For when you live in one of the desert countries of the Sahara, and yet you cannot get to the desert, you take to the sky. Morocco, M'Hamid El Ghizlane, aka the doorway to the Sahara.
And for when you cannot hear | see | touch | the very essence of why you uproot yourself and replant your feet in the dust of Mali, you fly like the "saw saw" bird and set up camp wherever you find the essence.
Tinariwen = essence.
Most members of Tinariwen and I live in Mali, and yet, I was able to see them more often when I lived in the U.S. It took me flying to Morocco to finally see them on the African continent, and in the Sahara
It's the quiet moments off stage, the in-betweens -- the laughter, the ad-lib riffs, cutting apples, far-away assouf glances, thé versions 1-2-3, dominos games -- that endure in the end.

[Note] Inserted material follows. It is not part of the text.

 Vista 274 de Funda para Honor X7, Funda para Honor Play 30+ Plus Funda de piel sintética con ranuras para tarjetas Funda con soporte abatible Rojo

Morocco is the best place I'd never live.
Sweetness abound, rich in culture, phenomenal crafts, out-of-this-world architecture, stupendous landscapes only nature can serve up, the food alone could keep you around for decades, it's clean and for the most part environmental. The one thing it may be short on is grit, something I've come to use as daily teacher in my Sahelian life.
My Tinariwen story, and hence tectonic shift in life, started when I first heard Abdallah's song Chet Boghassa. I've never heard them play it in concert, but Abdallah plays it for me, along with various unique renditions of Bob Dylan tunes, in the in-between moments.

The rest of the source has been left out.